Mehrere Firewalls können sich gegenseitig ausschliessen und man kann nie sicher sein, welche der Firewalls gerade seine Finger im Spiel hat. Also, alle Software-Firewalls deaktivieren bzw ZoneAlarm deinstallieren! Sonst kommen wir hier nicht weiter 

Folgende Anweisungen beschreiben das manuelle Einrichten der Internetverbindung. Falls Du die Router-Software installiert hast, deinstalliere sie bevor Du nachfolgende Anweisungen ausführst.

Hardware-Konfiguration:
- Verbinde den Splitter mit der Telefonanschlussdose (sogenannte Amts-Leitung)
- Verbinde Router mit Splitter, mittlerer Steckplatz am Splitter, graues Kabel am Router
- Verbinde den NTBA (ISDN) mit dem Splitter, linker oder rechter Steckplatz

Wenn Du einen Switch hast:
- Verbinde den Switch mittels LAN-Kabel mit dem Router (gelbes Kabel)
- Verbinde beide PCs mit den Switch

Wenn Du keinen Switch hast:
- Verbinde Deinen "Haupt-PC" mittels LAN-Kabel mit dem Router, den anderen PC per USB mit dem Router verbinden
- Auf dem PC, der per USB am Router angeschlossen ist, müssen die USB-Treiber installiert sein. Im Gerätemanager des PCs kann man sehen ob diese korrekt installiert wurden.

Software-Konfiguration:
Um ins Internet zu kommen, brauchst Du kein ISDN. Du hast ja DSL 
DSL arbeitet analog, ISDN digital. Von daher kommen die beiden eh nie zusammen. Das ganze regelt Dein Splitter. Deshalb ist es wichtig dass alle Kabel an den richtigen Stellen angeschlossen sind.
Ich vermute mal dass sich auf Deinem PC evtl noch Treiber und Software rumtummeln die mit ISDN zu tun haben. 

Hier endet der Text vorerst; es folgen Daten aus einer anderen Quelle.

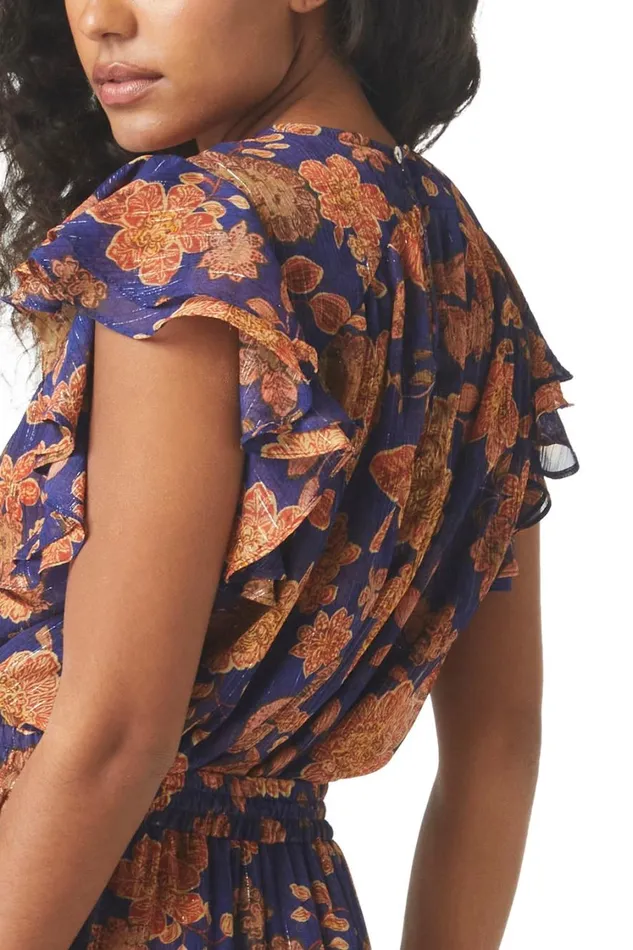 MISA Los Angeles Tops Women GALETA TOP Blue Marigold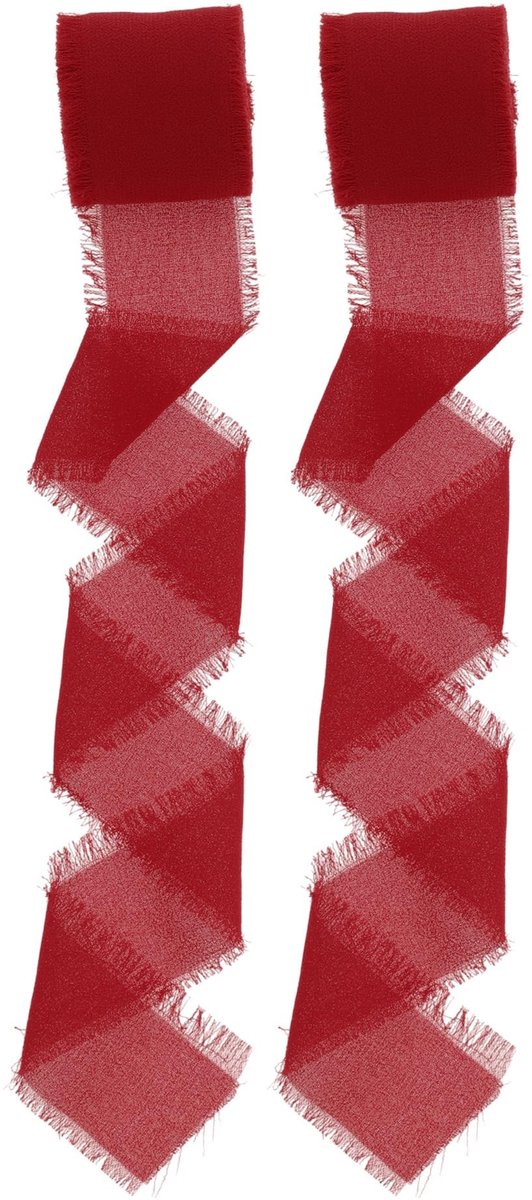 Dailygoods- Cadeaulint 4 cm breed - Decoratief Lint - Geschenkverpakking - 2 Rollen - Duurzaam Polyester - 10 m Lengte - Decoratielint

- Deinstalliere alles was mit ISDN zu tun hat. Du brauchst es nicht mehr auf dem PC! 

Alle ISDN-Geräte funktionieren auch ohne PC! Solltest Du eine Software benutzen um ein ISDN-Gerät zu steuern, kannst Du diese Software hinterher neu installieren. Dabei aber darauf achten, dass wirklich nur diese Software installiert und nicht eventuelle ISDN-Treiber.

Um sicher zu gehen, dass auch wirklich alle Protokolle entfernt wurden, solltest Du jetzt folgendes tun:
- Öffne den Geräte-Manager, Windows-Taste + Pause-Taste - Hardware - Gerätemanager (auf beiden PCs ausführen!)
- Suche den Eintrag "Netzwerkadapter" und klicke auf das Pluszeichen davor
- wähle jeden Eintrag unter Netzwerkadapter mit der rechten Maustaste aus und wähle Deinstallieren
Windows entfernt nun die Treiber der Netzwerkkarte und auch alle dazugehörigen Protokolle
- Jetzt die PCs neustarten
Nach dem Neustart installiert XP und auch Win2k die Treiber für die Netzwerkkarte automatisch neu

Nachdem die Treiber für die Netzwarkkarten neu installiert wurden geben wir ihnen jetzt eine feste IP-Adresse und weisen beide der selben Arbeitsgruppe zu, bzw überprüfen die die Arbeitsgruppe

Arbeitsgruppe prüfen:
- Windows-Taste + Pause-Taste drücken
- Registerkarte "Computername" wählen
- Dort steht welcher Arbeitsgruppe dieser PC angehört. Meistens heisst diese auch Arbeitsgruppe. Überprüfe auf beiden PCs ob sie derselben Arbeitsgruppe angehören. Wenn nicht, dann kannst Du diese Einstellung weiter unten mit dem Button "Ändern" ändern. Falls eine Änderung vorgenommen werden muss, PC danach neustarten.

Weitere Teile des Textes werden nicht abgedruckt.